Shame! The towering literary figure of Henry James (15 April 1843 – 28 February 1916) was only recognized on a US stamp for the very first time last year, for his centennial. There have, of course, been many stage and film adaptations of James’s novels and stories, as well as various operatic treatments, most notably Benjamin Britten’s works The Turn of the Screw and Owen Wingrave. Easily my favorite production of a James novel, though, is the exquisite 1972 BBC dramatization of The Golden Bowl, with an impeccable cast: Gayle Hunnicutt as Charlotte, Barry Morse as Adam Verver, Jill Townsend as Maggie, and Daniel Massey (Raymond Massey’s son) as the Prince. But for me the most brilliant stroke was to take much of James’s narration and put it into the mouth of the minor character Bob Assingham, beautifully rendered by Cyril Cusack, who addresses the audience from a plush chair in his club.
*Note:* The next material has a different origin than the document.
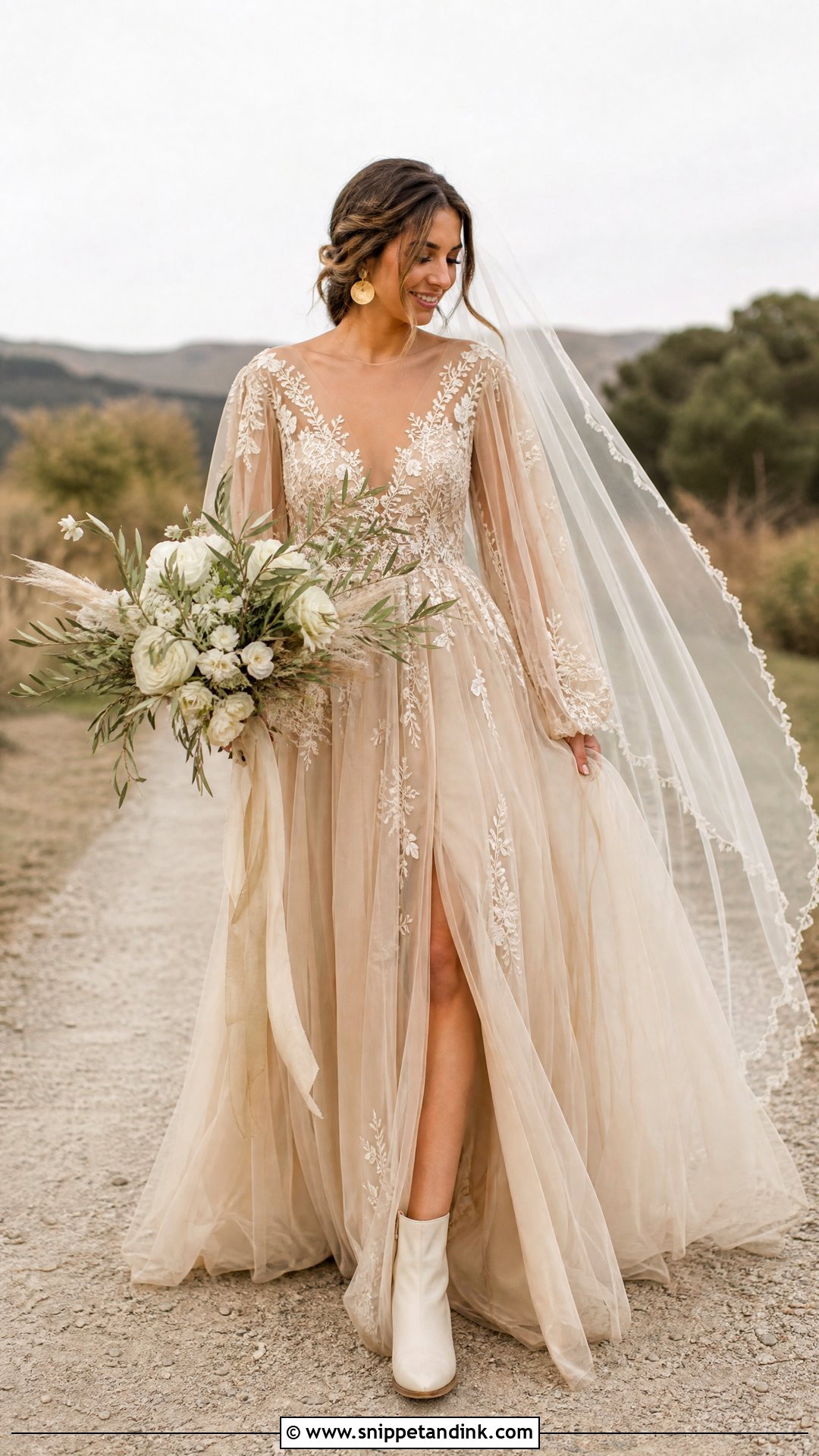 Tan Boho Wedding Dress With Sleeves - Snippet and Ink - 20 Tan Wedding Dress Ideas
We have two of the most prominent American painters on today’s “program”. The striking and immediately recognizable work of Thomas Hart Benton (April 15, 1889 – January 19, 1975) has found its way onto just a single US stamp, and that a commemorative to mark the sesquicentennial of the admission of Benton’s home state of Missouri to the union.
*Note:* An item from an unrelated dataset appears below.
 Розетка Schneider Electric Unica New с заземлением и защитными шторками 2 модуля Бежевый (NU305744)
Charles Willson Peale (April 15, 1741 – February 22, 1827), however, has earned a bit more recognition philatelically because of his portraits of Washington, Jefferson, and other great figures of his day. In addition, though, there is a 1955 stamp that celebrates the 150th anniversary of the Pennsylvania Academy of the Fine Arts, co-founded by Peale, and a Peale self-portrait, The Artist in His Museum (1822), serves as the source of the image. We see two of his Washington portraits, the second one being George Washington at the Battle of Princeton (1781), and two foreign stamps that used his famous 1791 Thomas Jefferson. Peale also painted the Revolutionary American general (and later Secretary of War) Henry Knox in 1784, an image used for a 1985 Knox stamp.

The “Empress of the Blues”, Bessie Smith (April 15, 1894 – September 26, 1937), was an orphan by the age of nine, and her upbringing was taken over by her elder sister Viola. Bessie and her brother Andrew earned money as street performers in Chattanooga. Another brother, Clarence, had found work with a troupe run by Moses Stokes, and Bessie worked as a dancer with them from 1912. (The group already had a singer, Ma Rainey, whose stamp we’ll see later this month.) Smith made her first records in 1923 and before long was the highest paid African-American performer in the country. She died from injuries sustained in an automobile accident at the age of 43. Her common-law husband Richard Morgan (who happens to have been Lionel Hampton’s uncle) was driving.

0415af1

Now time presses, and we must be brief, relatively. The exact birthday of Filippo Brunelleschi in 1377 is unknown. He died on April 15, 1446. His most celebrated work is without a doubt the Dome of Florence Cathedral, which occupied him from 1419 to 1436. (You can read about it in Ross King’s well-received book Brunelleschi’s Dome, Bloomsbury, 2000.)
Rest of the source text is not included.